◆ ACTION ITEM ◆
Write out, without any change, the lines in the material below that run from the line with "Xantrex Freedom Xc" through the line with "Zini Dew Rabbit Vibrator", both included.
*** Block opens ***
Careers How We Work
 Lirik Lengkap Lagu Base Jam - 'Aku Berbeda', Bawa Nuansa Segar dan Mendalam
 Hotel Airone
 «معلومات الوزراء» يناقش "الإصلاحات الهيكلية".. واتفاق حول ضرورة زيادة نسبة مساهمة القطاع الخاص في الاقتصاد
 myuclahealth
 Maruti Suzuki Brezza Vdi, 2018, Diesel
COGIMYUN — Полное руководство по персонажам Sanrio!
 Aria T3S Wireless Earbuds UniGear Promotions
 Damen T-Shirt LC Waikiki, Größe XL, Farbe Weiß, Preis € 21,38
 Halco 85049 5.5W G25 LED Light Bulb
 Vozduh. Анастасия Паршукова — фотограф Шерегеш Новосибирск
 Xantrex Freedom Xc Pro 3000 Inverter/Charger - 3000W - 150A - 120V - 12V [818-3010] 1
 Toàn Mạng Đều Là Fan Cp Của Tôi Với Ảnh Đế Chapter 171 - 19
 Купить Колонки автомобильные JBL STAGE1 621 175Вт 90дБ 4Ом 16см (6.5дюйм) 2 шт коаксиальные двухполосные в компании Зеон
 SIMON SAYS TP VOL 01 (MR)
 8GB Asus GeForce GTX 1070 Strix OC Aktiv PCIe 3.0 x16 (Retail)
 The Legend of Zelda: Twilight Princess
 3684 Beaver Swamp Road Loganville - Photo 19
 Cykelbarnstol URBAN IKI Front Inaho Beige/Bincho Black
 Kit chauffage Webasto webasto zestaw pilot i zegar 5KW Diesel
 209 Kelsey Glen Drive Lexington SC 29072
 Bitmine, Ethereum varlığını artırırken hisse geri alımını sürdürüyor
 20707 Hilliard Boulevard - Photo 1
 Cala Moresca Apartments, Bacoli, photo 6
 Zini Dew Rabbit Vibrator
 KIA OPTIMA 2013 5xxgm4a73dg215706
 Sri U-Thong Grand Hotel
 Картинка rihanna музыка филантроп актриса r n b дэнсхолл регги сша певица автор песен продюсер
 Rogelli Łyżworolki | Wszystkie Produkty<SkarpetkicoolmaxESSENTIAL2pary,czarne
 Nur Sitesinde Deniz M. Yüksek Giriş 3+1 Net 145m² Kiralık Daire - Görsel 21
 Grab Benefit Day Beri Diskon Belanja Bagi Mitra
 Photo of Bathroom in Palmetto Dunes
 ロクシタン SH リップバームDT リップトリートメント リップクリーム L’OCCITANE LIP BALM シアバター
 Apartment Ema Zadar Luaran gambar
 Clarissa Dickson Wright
*** Block closes ***
◆ TASK OUTPUT ◆
 Xantrex Freedom Xc Pro 3000 Inverter/Charger - 3000W - 150A - 120V - 12V [818-3010] 1
 Toàn Mạng Đều Là Fan Cp Của Tôi Với Ảnh Đế Chapter 171 - 19
 Купить Колонки автомобильные JBL STAGE1 621 175Вт 90дБ 4Ом 16см (6.5дюйм) 2 шт коаксиальные двухполосные в компании Зеон
 SIMON SAYS TP VOL 01 (MR)
 8GB Asus GeForce GTX 1070 Strix OC Aktiv PCIe 3.0 x16 (Retail)
 The Legend of Zelda: Twilight Princess
 3684 Beaver Swamp Road Loganville - Photo 19
 Cykelbarnstol URBAN IKI Front Inaho Beige/Bincho Black
 Kit chauffage Webasto webasto zestaw pilot i zegar 5KW Diesel
 209 Kelsey Glen Drive Lexington SC 29072
 Bitmine, Ethereum varlığını artırırken hisse geri alımını sürdürüyor
 20707 Hilliard Boulevard - Photo 1
 Cala Moresca Apartments, Bacoli, photo 6
 Zini Dew Rabbit Vibrator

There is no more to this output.